The boy was not so mature that he didn’t appreciate a compliment, so an unguarded smile crossed his face.

“Thanks,” he said.

“What’s next for you?”

“Oh, the prize thing is an automatic year at Oxford as a research fellow. I leave for England tomorrow. Very exciting. They have a good department, lots of provocative people. I’m looking forward to it. Say — excuse me, I didn’t catch your name.”

“Swagger,” Bob said.

“Oh, well, it’s nice to talk to you, Mr. Swagger. I’ve, uh, got to be going now. Thanks again, I—”

“Actually, it’s not just coincidence, me running into you. It took some digging to find you.”

The young man’s eyes narrowed with hostility.

“I don’t give interviews if this is some press thing. I have nothing to say.”

“Well, see, the funny thing is, I ain’t here about you. I’m here about your dad.”

The boy nodded, swallowed involuntarily.

“My father’s been dead since 1971.”

“I know that,” said Bob.

“What is this? Are you a cop or anything?”

“Not at all.”

“A writer? Listen, I’m sorry, the last two times I gave interviews to writers, they didn’t even use the stuff, so why should I waste my—”

“No, I ain’t a writer. Fact is, I pretty much hate writers. They always get it wrong. I never encountered a profession that got more wrong than being a writer. Anyhow, I’m just a former Marine. And your dad’s death is mixed up in some business that just won’t go away.”

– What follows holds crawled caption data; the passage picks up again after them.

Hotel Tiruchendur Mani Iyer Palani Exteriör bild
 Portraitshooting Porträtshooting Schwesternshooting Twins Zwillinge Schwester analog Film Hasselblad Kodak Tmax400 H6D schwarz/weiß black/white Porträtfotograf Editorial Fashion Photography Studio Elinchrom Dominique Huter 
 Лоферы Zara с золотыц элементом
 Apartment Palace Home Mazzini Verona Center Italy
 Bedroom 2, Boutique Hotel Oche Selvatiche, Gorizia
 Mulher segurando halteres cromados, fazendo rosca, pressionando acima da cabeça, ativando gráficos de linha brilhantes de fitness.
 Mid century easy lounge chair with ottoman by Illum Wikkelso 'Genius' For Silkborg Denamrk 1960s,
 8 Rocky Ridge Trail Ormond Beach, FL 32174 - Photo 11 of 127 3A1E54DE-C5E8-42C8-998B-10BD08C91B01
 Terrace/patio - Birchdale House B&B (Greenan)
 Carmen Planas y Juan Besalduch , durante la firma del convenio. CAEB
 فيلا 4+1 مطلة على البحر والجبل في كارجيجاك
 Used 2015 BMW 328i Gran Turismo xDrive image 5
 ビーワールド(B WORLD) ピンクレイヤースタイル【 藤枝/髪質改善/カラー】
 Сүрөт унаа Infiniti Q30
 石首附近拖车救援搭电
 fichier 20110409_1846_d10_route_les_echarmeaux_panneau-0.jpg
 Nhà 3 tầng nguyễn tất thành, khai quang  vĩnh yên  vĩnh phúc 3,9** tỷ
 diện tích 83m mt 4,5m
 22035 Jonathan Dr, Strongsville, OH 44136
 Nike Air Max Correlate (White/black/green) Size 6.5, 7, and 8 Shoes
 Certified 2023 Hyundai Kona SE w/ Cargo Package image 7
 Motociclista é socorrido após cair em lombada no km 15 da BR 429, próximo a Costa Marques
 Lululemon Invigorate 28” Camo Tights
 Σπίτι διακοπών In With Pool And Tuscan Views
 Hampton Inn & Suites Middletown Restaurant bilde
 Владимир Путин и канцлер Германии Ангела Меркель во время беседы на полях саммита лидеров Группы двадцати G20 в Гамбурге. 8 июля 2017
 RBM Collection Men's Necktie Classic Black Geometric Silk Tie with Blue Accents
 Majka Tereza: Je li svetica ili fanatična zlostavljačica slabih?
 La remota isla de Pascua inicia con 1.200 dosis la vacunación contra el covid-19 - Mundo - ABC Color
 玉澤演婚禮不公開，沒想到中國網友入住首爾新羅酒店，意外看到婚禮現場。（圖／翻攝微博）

“More on the great Trig Carter, eh? The great Trig Carter, hero of the left, who sacrificed his life to stop the war in Vietnam? Everybody remembers him. There’ll probably be a movie one of these days. This fucking country, how can they worship a prick like him? He was a killer. He blew my father to little pieces, and crushed him under a hundred tons of rubble. And nobody gives a fuck. They think Trig is the big hero, the victim, the martyr, because he came from a long line of Protestant swine and sold out to anybody that would have him.”

But then his bitterness vanished.

“Look, this isn’t doing any good. I never knew my father;

I was less than a year old when he was killed. What difference does it make?”

“Well,” said Swagger, “maybe it still makes a little. See, I was struck by the same thing as I looked into this. There ain’t nothing about your father nowhere. Excuse my grammar, I never had a fancy education.”

“Overrated, believe me.”

“I do believe you on that one. Anyhow, he’s the mystery man in this affair. Nobody wants to know, nobody’s interested.”